On January 18, 2018, a federal securities class action (Ferrare v. Vodafone Group Public Limited Company, et al, No. 18-00466) was filed in United States District Court, Southern District of New York, on behalf of a class consisting of all persons and entities, other than the Vodafone Defendants and their affiliates, who purchased or otherwise acquired Vodafone American Depositary Receipts from February 11, 2015 through January 11, 2018, both dates inclusive (the “Class Period”), seeking to recover compensable damages caused by the Vodafone Defendants’ violations of federal securities laws and pursue remedies under the Securities Exchange Act of 1934.

The Vodafone ADR class action complaint alleges that the Vodafone Defendants made false and/or misleading statements and/or failed to disclose that: Vodafone had contravened Australian law by permitting customers to purchase pre-paid mobile phones without first verifying their identities, and, as a result, Vodafone’s public statements were materially false and misleading at all relevant times.

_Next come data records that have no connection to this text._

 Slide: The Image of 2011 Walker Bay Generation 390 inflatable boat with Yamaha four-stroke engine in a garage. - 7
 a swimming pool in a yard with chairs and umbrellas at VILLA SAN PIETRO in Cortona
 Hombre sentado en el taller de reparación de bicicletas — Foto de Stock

Australian Communications and Media Authority Announcement & Vodafone ADR Price Drop

As previously posted (“Vodafone Breaches Prepaid Mobile Service Verification Rules”), on January 10, 2018, post-market, the Australian Communications and Media Authority (“ACMA)” announced that “Vodafone Network Pty Limited will significantly improve its processes for verifying the identity of prepaid mobile customers under an enforceable undertaking accepted by the Australian Communications and Media Authority,” subsequent to an investigation by the ACMA which disclosed that Vodafone “failed to verify the identity of at least 1,028 customers before activating their prepaid mobile services.” According to the ACMA media release, “[t]he breaches occurred between 6 January 2015 and 6 January 2016. They resulted from changes to Vodafone’s IT systems that allowed customers to self-select online that their identity had been verified in store, without any further check that this had actually occurred.”

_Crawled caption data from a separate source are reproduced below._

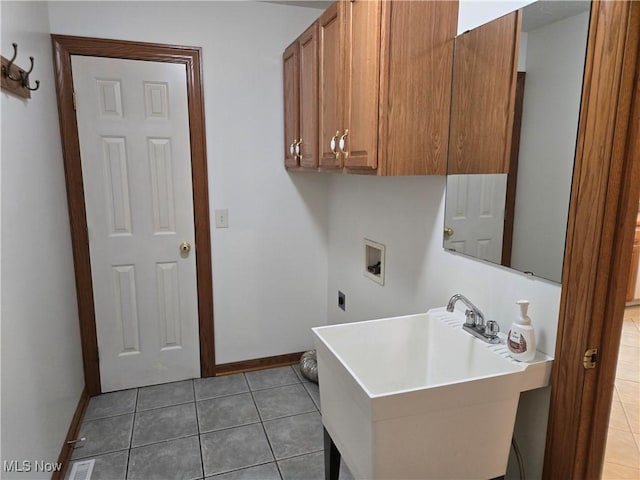 laundry area featuring baseboards, tile patterned floors, washer hookup, cabinet space, and a sink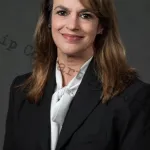 Business woman poses in a suit for a professional picture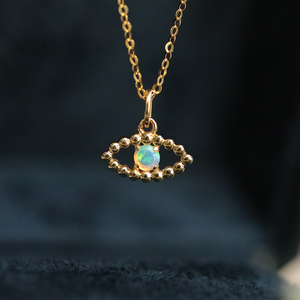 18K Yellow Gold Evil Eye charm necklace with Australian Opal Gemstone from The Chubby Paw. 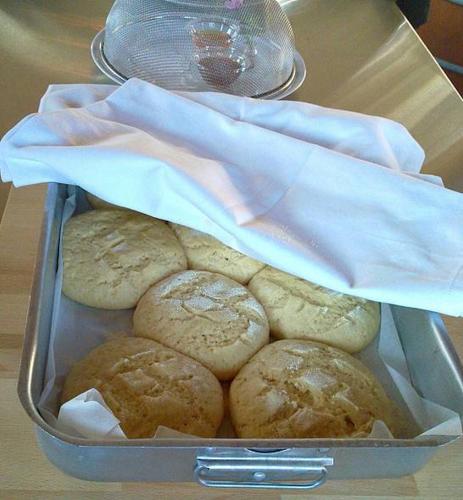 a container of muffins sitting on a table at Helicon Muses Friendly Mountain B&B Guesthouse in Evangelístria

The ACMA’s Final Investigation Report stated:

After completing its investigation, the ACMA finds that Vodafone Hutchison Australia Pty Limited [VHA] . . . has contravened section 2.3 of the Telecommunications (Service Provider – Identity Checks for Prepaid Mobile Carriage Services) Determination 2013 (the Prepaid Determination) on at least 1,028 occasions. As a consequence of these contraventions, the ACMA also finds that VHA contravened subsection 101(1) of the Telecommunications Act 1997 (the Act) on at least 1,028 occasions as it did not comply with the service provider rules that apply to it, namely the rules set out in the Prepaid Determination in force under section 99 of the Act. [Emphasis added]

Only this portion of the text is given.